Dalla lista di partner si vede una contaminazione di “supporti” e cioè radio, poi le piccole imprese private come le etichette indipendenti e le piole, e infine grandi realtà commerciali e non solo, per dirne qualcuna: Eataly, Coldiretti, Confesercenti, Slow Food. Come avete costruito queste collaborazioni?

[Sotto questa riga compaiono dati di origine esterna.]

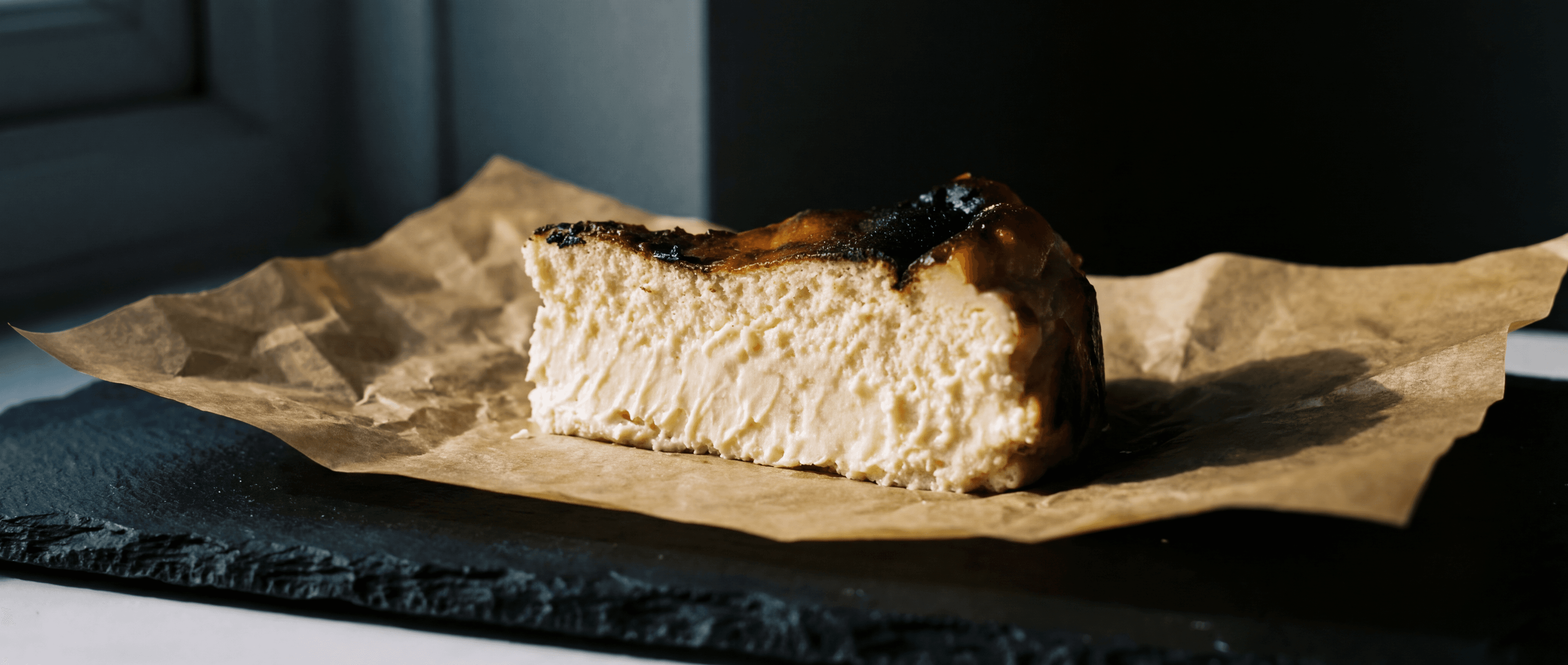Basque cheesecake, dark caramelised crust with pale creamy interior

Le realtà che tu hai citato le avevamo già coinvolte due anni fa, le radio invece sono entrate nel progetto nuovo, a partire da questa edizione. Ci tengo a precisare che non sono sponsor ma solo partner: Eataly per esempio ha prestato solo spazi, e poi ha proposto il menù Buscaglione, e invece gli altri, come Slow Food, li abbiamo invitati a organizzare conferenze su quelli che erano i loro temi, declinandoli sui nostri interessi. È più facile lavorare con reti già stabilite perché garantiscono una certa qualità, il vantaggio è quello di lavorare a contatto con persone professionali che sanno trattare quel tema e gli interessa farlo bene. Quindi la visibilità che ottengono in realtà è di riflesso una visibilità che raggiungiamo anche noi, grazie a loro. Le conferenze di Slow Food sono state fatte alle Officine Corsare, quindi anche in questo caso si cerca di mettere insieme e creare momenti d’incontro tra una realtà grande, importante, riconosciuta a livello internazionale con il piccolo circolo Arci che è però sensibile a certi temi. E noi siamo l’occasione perché questi mondi si incontrino.

Quali sono le difficoltà?

La difficoltà maggiore è sempre legata ai fondi, ma non ne parlerei visto che è un tema inflazionato. I problemi forse sono i fuori programma. Tu puoi organizzare tutto bene, ma poi è sempre un rischio. Quest’anno per esempio la chiusura del Lapsus –dove era prevista la serata finale- ci ha creato notevoli problemi, ma è così, bisogna essere pronti improvvisare.

I punti di forza sono una buona credibilità, una buona rete, avere persone che ti vogliono bene e che ti salvano, come è successo per noi con le Officine Corsare che ha ospitato l’ultima serata al posto del Lapsus. C’è indubbiamente anche un’interessante ricaduta sul territorio. A me sembra che potenzialmente il festival dia una spinta allo sviluppo locale. L’altro aspetto della notte rossa Barbera dove tu metti in comunicazione 28 ristoranti con 7 piccoli produttori e 24 musicisti, è che può succedere di tutto. Noi creiamo la situazione, sta poi a loro cogliere le opportunità. Ci piacerebbe che le 28 piole si rifornissero dai produttori che gli presentiamo, o che magari chiamino i ragazzi a fare delle serate. Noi speriamo che accada questo. E spesso è accaduto, e continua ad accadere.

Anche la comunicazione presenta elementi di freschezza e anche di contaminazione. Io ho amato molto il video promozionale che recitava “se preferisci il live alla televisione…”. Ce l’avete fatta a staccare dai divani i torinesi, e a sottrarli al festival di Sanremo?

In realtà no perché i torinesi hanno preferito Sanremo, la seconda serata c’erano 50 persone e non 180, cioè i posti del teatro Vittoria. Ne dobbiamo ancora fare di strada, credo.